Starting with the Panama Papers, a massive leak of confidential documents from a Panamanian law firm, much more light has been shed on the ways in which the rich and unscrupulous avoid government oversight of their assets. The Panama Papers—along with the Paradise Papers, which were released in a similar leak from another global offshore law firm—revealed that numerous politicians and celebrities have taken advantage of shell corporations and corporate secrecy to move money across borders.
Starting this month, banks now must comply with an extensive set of new due diligence requirements designed to combat money laundering and international money movement of the kind revealed in the Panama and Paradise Papers. The new rules, issued by the Financial Crimes Enforcement Network (FinCEN) of the U.S. Department of the Treasury, require financial institutions to gather additional information about the identities of the ultimate owners of entity clients. By requiring banks to gather information about the owners of anonymous shell corporations that they do business with, the Treasury Department and FinCEN hope to remove the incentive to hide shady behavior behind anonymous corporate ownership.

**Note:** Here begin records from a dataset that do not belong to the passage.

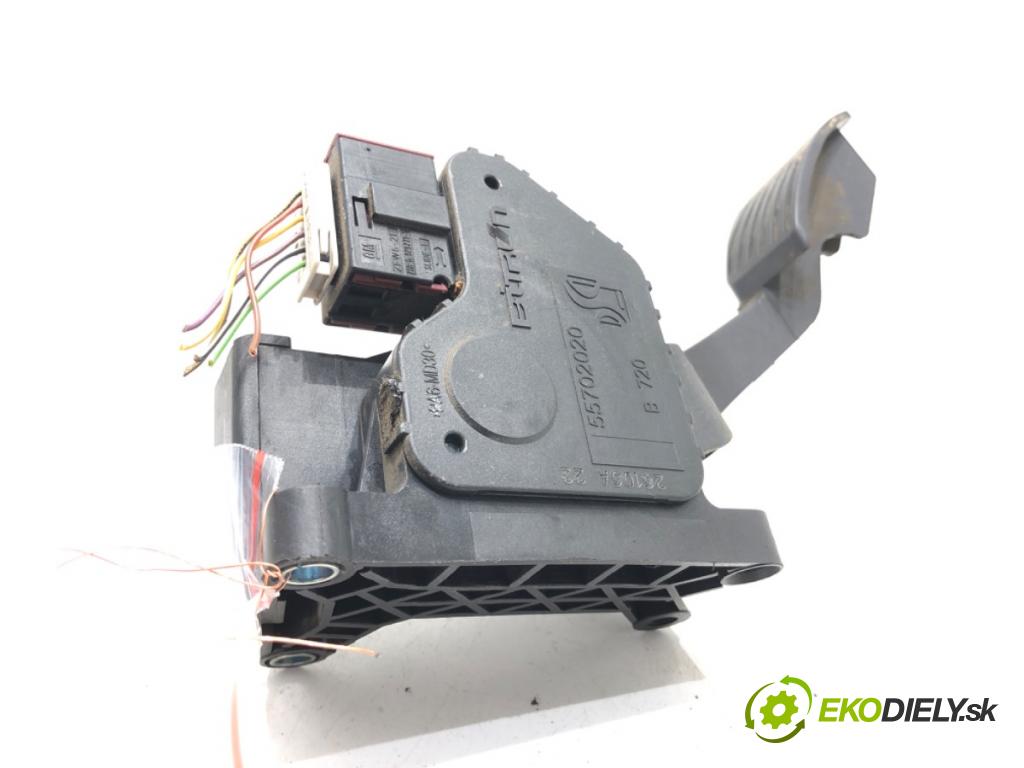 OPEL CORSA D (S07) 2006 - 2014    1.2 (L08, L68) 59 kW [80 KM] benzyna 2006 - 2014  Potenciometer plynu 55702020 (Pedále)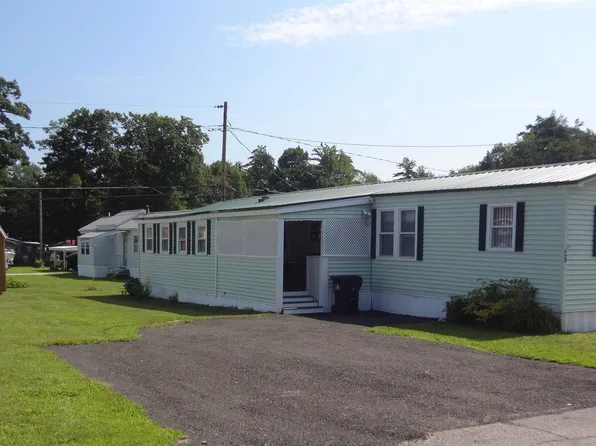 303 Old Lake Shore Road #C-9, Gilford, NH 03249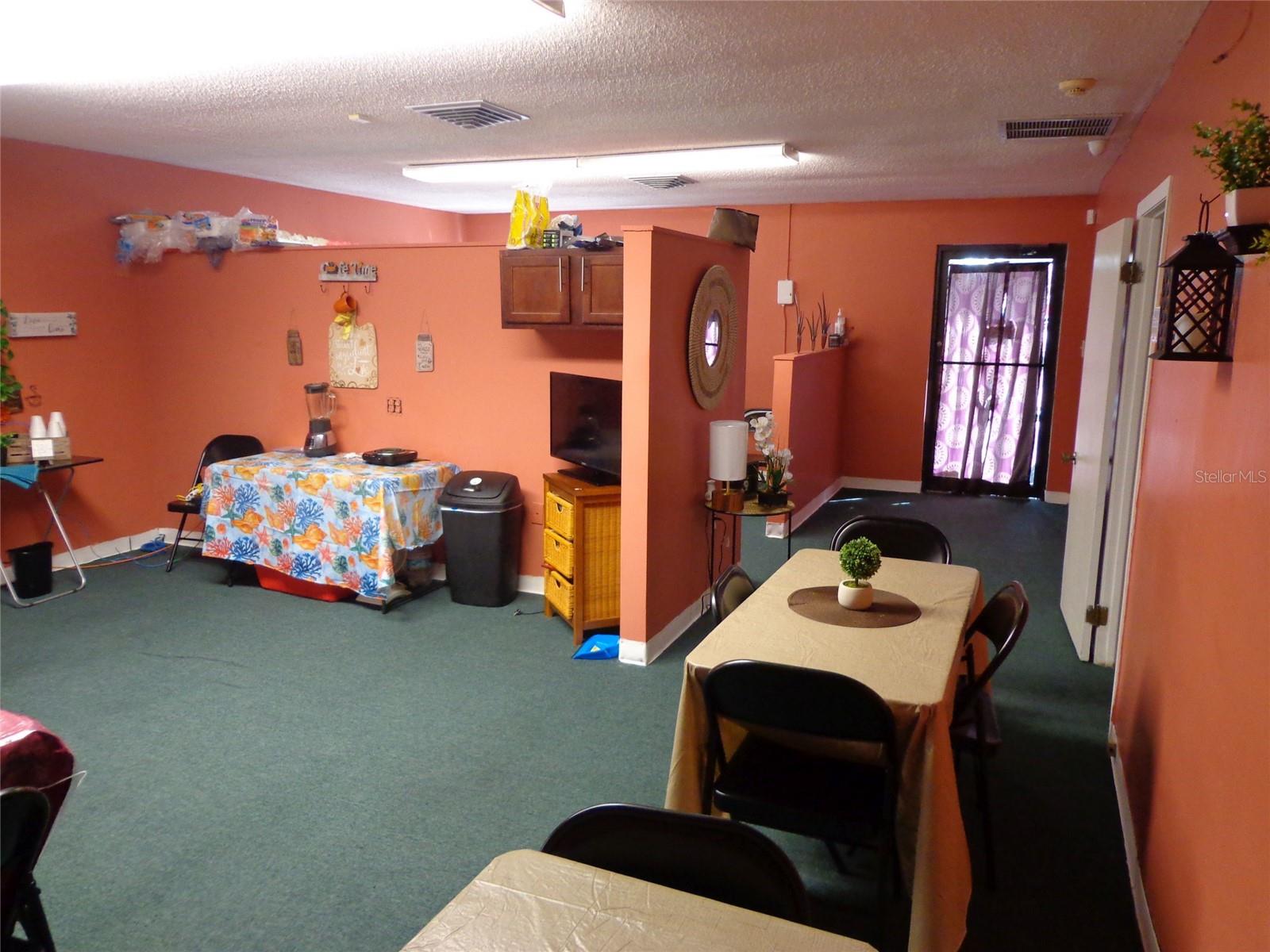 1904 W WATERS AVE, TAMPA, FL, 33603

The new due diligence rules apply both to new and existing accounts. When a legal entity customer—such as a corporation or a limited liability company—opens a new account, banks are required to identify the actual people who control the entity. Banks can determine ownership either by identifying any party who holds more than a 25 percent stake in the entity or by identifying the party who controls the entity.
With respect to already existing accounts, the new requirements are intended to supplement the protections built into the Bank Secrecy Act. That law requires banks to create anti-money laundering programs. These programs generally consist of four parts: internal controls; training; a compliance officer; and independent oversight. FinCEN’s requirements now effectively add a fifth part: “customer risk profiles.” This new component is intended to ensure banks will understand better what their customers are doing and why.
Although money laundering’s very nature makes estimating its precise size difficult, it has become a global issue of the first order. Often using shell companies to hide their identities, oligarchs, tycoons, and criminals around the world avoid taxes, buy real estate, and transfer funds across borders.
It is estimated that money laundering results in a multi-trillion-dollar drain on the global economy. The French economist Gabriel Zucman, in his book, The Hidden Wealth of Nations, estimated that 8 percent of the world’s wealth—$7.6 trillion—was held in tax shelters, costing countries $200 billion in tax revenue.
According to a 2016 report issued by the Financial Action Task Force, the United States is exposed to significant money laundering and terrorist financing risks because of the massive size and global reach of the American financial system and its relative openness. Although the task force recognized that the United States has made tremendous progress in monitoring money laundering since the last task force evaluation in 2006, it did note that transparency issues remain a major weakness of the American anti-money laundering infrastructure.
The new FinCEN customer due diligence requirements are far from the first attempts by U.S. bank regulators to combat money laundering. The Bank Secrecy Act contains a number of anti-money laundering provisions, such as requiring banks to file reports every time a customer engages in a transaction involving more than $10,000 in cash and requiring customers to disclose foreign bank accounts. Beyond that, the USA PATRIOT ACT also imposed new know-your-customer requirements on banks to combat terrorist financing.
American regulators have imposed massive fines on numerous domestic and foreign banks who have violated money laundering regulations. Over the past two years, U.S. Bancorp was fined $613 million and Deutsche Bank was required to pay $630 million. Those fines pale in comparison to the nearly $2 billion in penalties inflicted on British bank HSBC in 2012 for allowing Mexican drug cartels to launder money.
FinCEN’s latest rule was initially finalized in May 2016, but banks were given two years to comply with its requirements. According to the banks, implementation of the rule was expected to be very complicated. For example, although the beneficial ownership test under the rule appears simple on its face, the real-life complexities of entity structuring and the numerous exemptions and exceptions to the rule make it much more complicated.
At least one member of Congress—U.S. Representative Blaine Luetkemeyer (R-Mo.)—recently argued that banks should be given more time to implement the regulations, given their complexity. But no reprieve was granted. The new requirements took effect on May 11th, 2018.